Work on IP gas pipeline project stalls
ISLAMABAD: Energy Minister Omar Ayub told the Senate Friday that work on the Iran-Pakistan gas pipeline project had stalled due to international sanctions on Iran; however, he declined to share further information with the House, as national interests and sensitivities were involved.
“I will share details privately as to why Pakistan has not sought exemption while India did,” he said during the question hour when Senator Mian Ateeq Sheikh of MQM-Pakistan asked why the government had not pushed for India-like exemption on the project. Senator Muhammad Talha Mehmood had also asked a similar query.
The minister, however, assured the House that as soon as the sanctions were lifted, Pakistan will complete its side of the project as sufficient funds were in hand.
Senator Abdul Qayyum of PML-N had asked if Pakistan was in a position to afford the cost of the project on its own. In a written reply, the minister said Pakistan had completed major project preparatory activities, including bankable feasibility study, detailed route survey, front end engineering and design, installation of concrete markers on the entire route, initiation of land acquisition process and NoCs from environmental authorities of Balochistan and Sindh. Recently, he noted with the federal cabinet’s approval, Iran and Pakistan had signed an amendment agreement giving both sides further period of five years to complete the project. However, any further progress was linked to lifting of US sanctions, he added.

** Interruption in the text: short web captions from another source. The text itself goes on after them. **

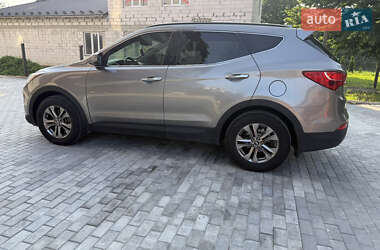 Внедорожник / Кроссовер Hyundai Santa FE 2013 в 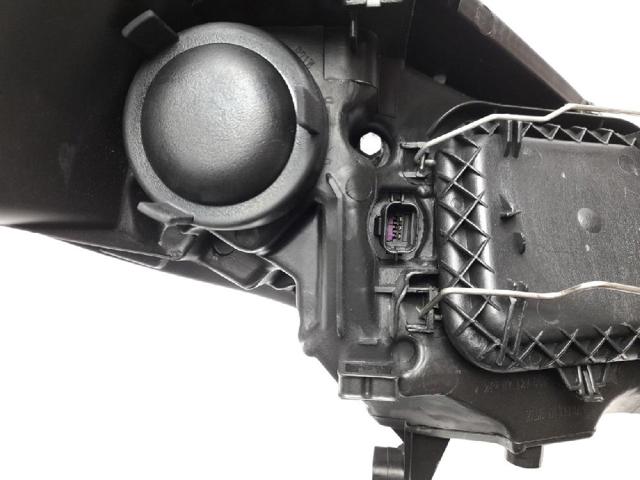 RENAULT 260607449R Faro izquierdo  en stock Terrassa
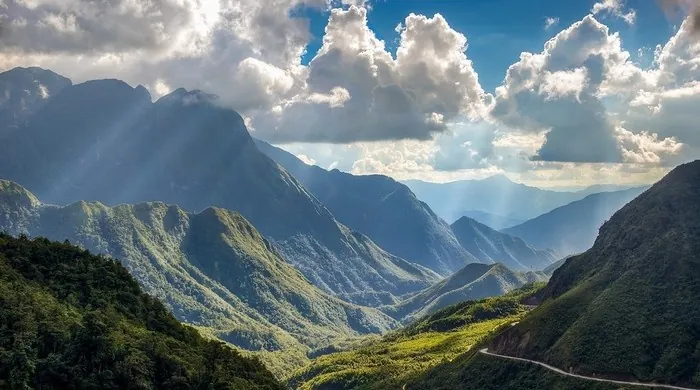 Vẻ đẹp ngoạn mục của 9 đường đèo hiểm trở nhất Việt Nam Vẻ đẹp ngoạn mục của 9 đường đèo hiểm trở nhất Việt Nam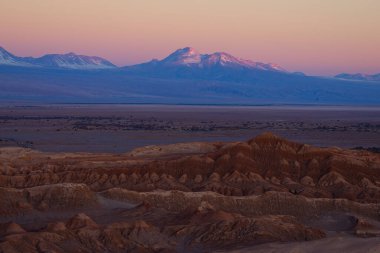 Şili 'deki Atacama Çölü' nde günbatımı ışıkları. Yüksek kalite fotoğraf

The House also witnessed exchange of hot words between Senator Mushahidullah Khan of PML-N and Muhammad Ali Saif, when the former rose to say that Law Minister Farogh Naseem had threatened him when he had moved some bills, which the opposition pushed for being referred to the relevant committees for deliberations and reports.
Mushahidullah claimed that the minister said ‘I would see him’. “I neither give threats nor receive. I just wonder how he is a cabinet member when his party leader has resigned,” the PML-N parliamentary leader said.

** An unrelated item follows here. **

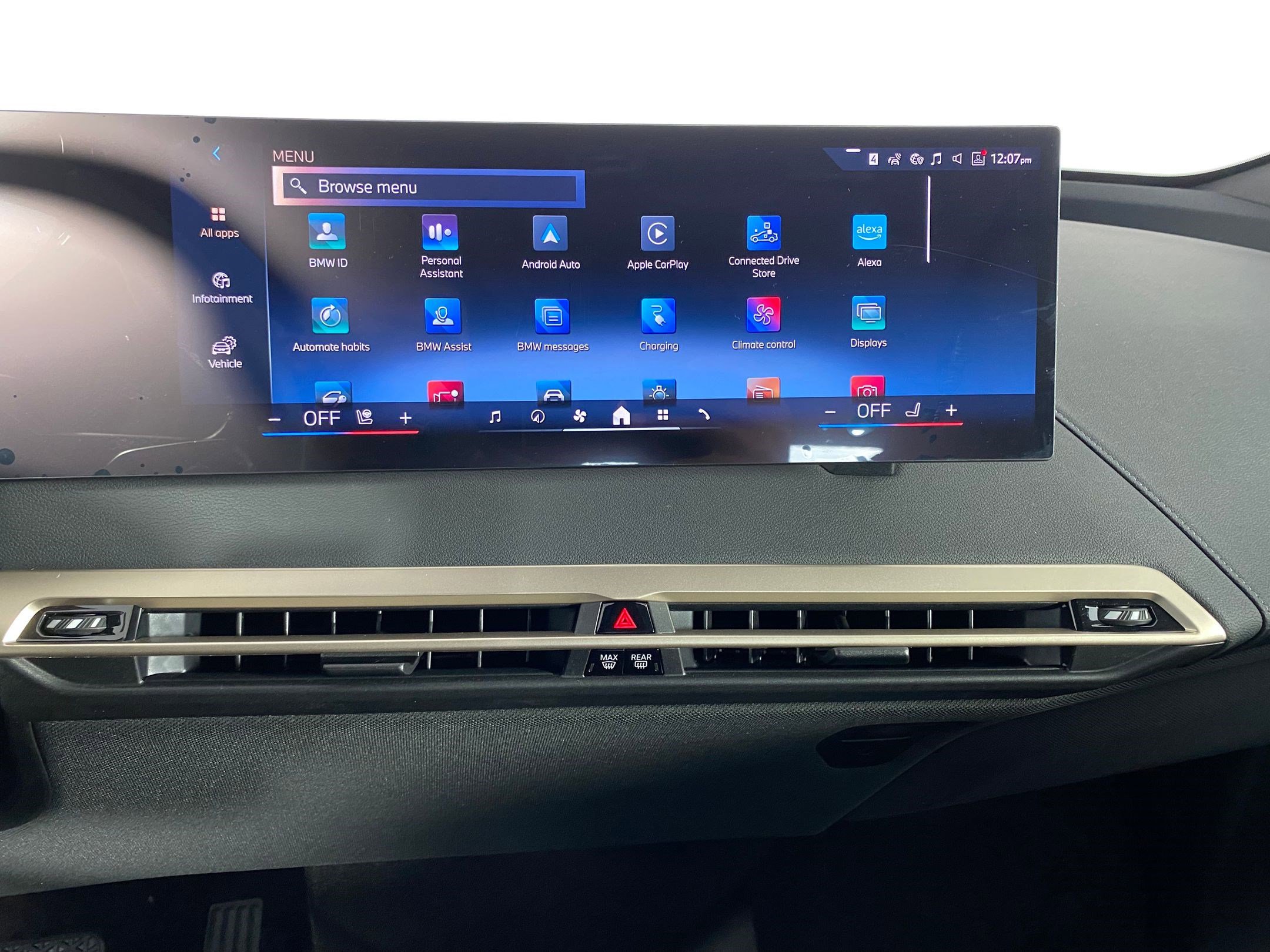 New 2026 BMW iX xDrive60 w/ Executive Package image 23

He wondered what type a party he (law minister) belonged to, as once he had called his leader Nelson Mandela and later never explained it. To this, Senator Saif was quick to assert that the senator should desist from talking about his party, otherwise, a new debate would erupt in the House.
However, Mushahidullah continued to which Senator Saif said that his leader was Nelson Mandela and his (Mushahidullah’s) was George Washington, who was presently living in London. Earlier, Mushahidullah also said that once the former chief justice Saqib Nisar had called for checking the law department’s degrees, by which he meant the law minister and the attorney general and asked had their degrees been checked or not.
He claimed that the minister had fought a case on behalf of those, who had burnt 250 people, including women and children, in a Baldia factory and recalled how 47 were gunned down on May 12 in Karachi and lawyers were set ablaze.
Leader of the House Syed Shibli Faraz managed to bring the tempers down when he clarified that the law minister had not given threat to Mushahidullah; he had just talked in the context of an agreement with the opposition on the bills relating to the armed forces and expected cooperation on other bills as well.
Replying to a question, Minister for Energy Omar Ayub Khan said there were 12 exploration blocks in deep and ultra-deep sea, which would be granted after security clearance from the Ministry of Defence that hopefully would be given shortly.
To a question by PTI’s Senator Seemee Ezdi about the number of cases pending with the civil courts of Islamabad, Islamabad High Court and the Supreme Court for the last five years, the law minister in a written reply said the information about the number of pending cases was not being maintained by the Law and Justice Department.
Therefore, he added, the registrars of Supreme Court, Islamabad High Court and Law and Justice Commission had been requested to furnish the same on December 02 last year and in response, the Law and Justice Commission of Pakistan was of the view that the required information was not within the ambit of that secretariat, whereas the replies of the Supreme Court and the Islamabad High Court were being still awaited.
The energy minister in response to a question from PPP Senator Moula Bux Chandio said that 10 retired army personnel were working as executives in the SNGPL on contract, including one brigadier, four majors and five Lt. Cols.